Zulip Chat Archive
Stream: general
Topic: Mutable Value Semantics vs. FBIP
Somo S. (Aug 05 2023 at 09:16):
Does anyone know how Mutable Value Semantics (MVS) differs from Lean4's Functional But In-Place (FBIP) paradigm?
MVS is implemented in val-lang and defined in this paper.
Mario Carneiro (Aug 05 2023 at 11:51):
Lean does not have anything like MVS. From what I can tell by reading the paper, this is a way of indicating that a value or part of a value is mutable and there are operations that perform mutations of the parts. By contrast, FBIP is an optimization, where the user writes code that never mutates values explicitly, but certain patterns can reuse the storage of a consumed value and hence reconstruct mutation at the low level.

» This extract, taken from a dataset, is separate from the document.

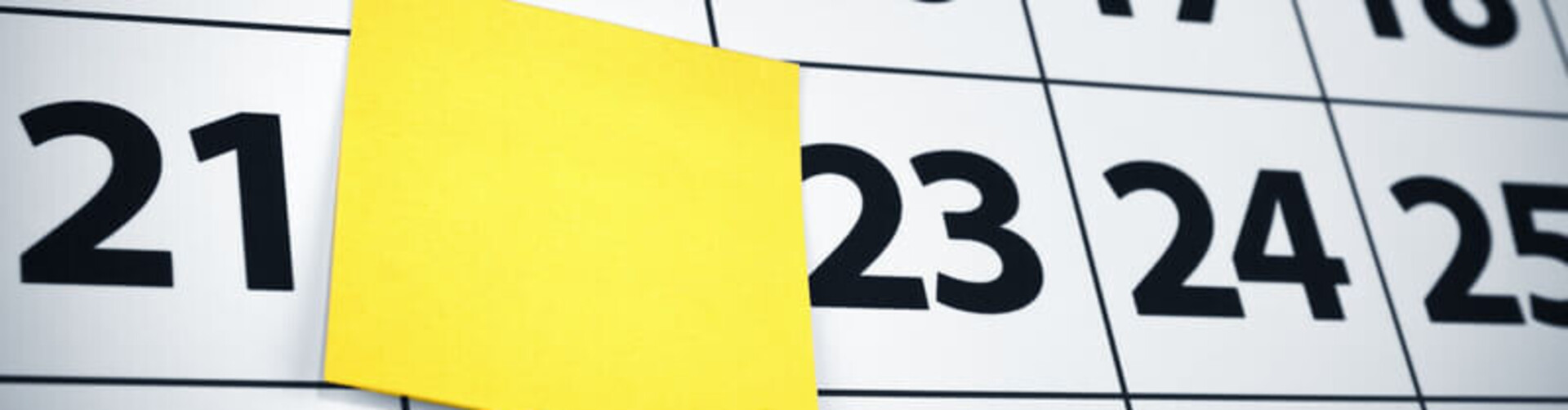 Ein Kalenderblatt mit einem Post-It darauf Header_Leifristen_Verlaengerungen_Vormerkungen.jpg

There are advantages and disadvantages to making it an optimization instead of a change in semantics. An advantage is that the user doesn't have to be explicitly bothered about mutation, they can just write functional code (and reason about the code at that level) and the compiler does its best to make sense of the code. So it can fire even in code that is not using mutable variable patterns explicitly. A disadvantage is that because it is an optimization, you have no guarantee that it will occur, and small changes to the code or the compiler can cause spurious copies and performance instability. Lean has let mut
in the do
notation, but this is just syntax for (more or less) a state monad. It would be nice if it could include sufficient annotations so as to ensure FBIP; then one could achieve MVS by using let mut
and approved combinators.
Mauricio Collares (Aug 05 2023 at 12:57):
https://www.microsoft.com/en-us/research/uploads/prod/2023/07/fip.pdf is also related
Somo S. (Aug 06 2023 at 11:39):
@Mauricio Collares said:
https://www.microsoft.com/en-us/research/uploads/prod/2023/07/fip.pdf is also related
@Mario Carneiro said:
A disadvantage is that because it is an optimization, you have no guarantee that it will occur, and small changes to the code or the compiler can cause spurious copies and performance instability.
My (crude) understanding of the new paper above is it provides precisely basis for making those guarantees? This is neat stuff thanks for sharing and explaining I'm quite new to all this.
Somo S. (Aug 06 2023 at 11:56):
I have been trying to get a better sense for how lean compares to Rust in terms of memory management (not safety but more along the lines of performance). I had initially thought FBIP is meant to offer the kinds of memory guarantees that rust compiler does.. But I see that that is not the case, ... perhaps if this newer FIP research is incorporated?
Henrik Böving (Aug 06 2023 at 11:59):
Rust is more in the uniqueness type corner. The master thesis by Marc Huisinga does explore these topics but it is sadly not integrated with the main system yet.
Max Nowak 🐉 (Aug 08 2023 at 15:02):
I’d love to explore some guaranteed compiler optimizations, akin to rust, with users having a lot of control (via the type system) how their lean code gets mapped to low level code.